History of Sentul Depot
NAMED after a local tree, Sentul has a long history of being an old railway town established since the late 1800s.
Starting from 1904, the Federated Malay States Railway (FMSR) began building a complex of railway maintenance workshops at Sentul known as the Central Railway Workshops, or Sentul Works.
Considered one of the finest integrated engineering workshops in the world, it served the needs of FMSR in the early 1900s and for KTM up to the early 2000s. In its heyday, Sentul Works employed over 7,000 workers.
The 200,000sq ft (18,580sq m) area is dotted by large brick buildings and metal sheds, once used as depots, engineering workshops and storage areas for steam and diesel locomotives and railway cars.
Main activities included the assembly and servicing of railway carriages, with a majority of the parts needed by the rail industry manufactured in its foundry, sawmills and workshops.

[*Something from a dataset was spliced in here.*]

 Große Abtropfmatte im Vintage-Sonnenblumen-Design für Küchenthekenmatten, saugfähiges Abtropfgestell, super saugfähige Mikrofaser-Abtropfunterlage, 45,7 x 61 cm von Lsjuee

In its glory days, Sentul Works, now known as Sentul Depot, even built train parts for the railway network in India.
Sentul was one of the last towns in the country bombed by British planes during World War II.
Weeks before the end of the war in 1945, the depot was heavily attacked by B-29 bombers.
After the war, the workshops were partially rebuilt but sadly, never regained their original glory, with many of the former colonial railway buildings left as ruins.
What is left today is a mix of century-old as well as slightly newer structures from the post-war reconstruction works.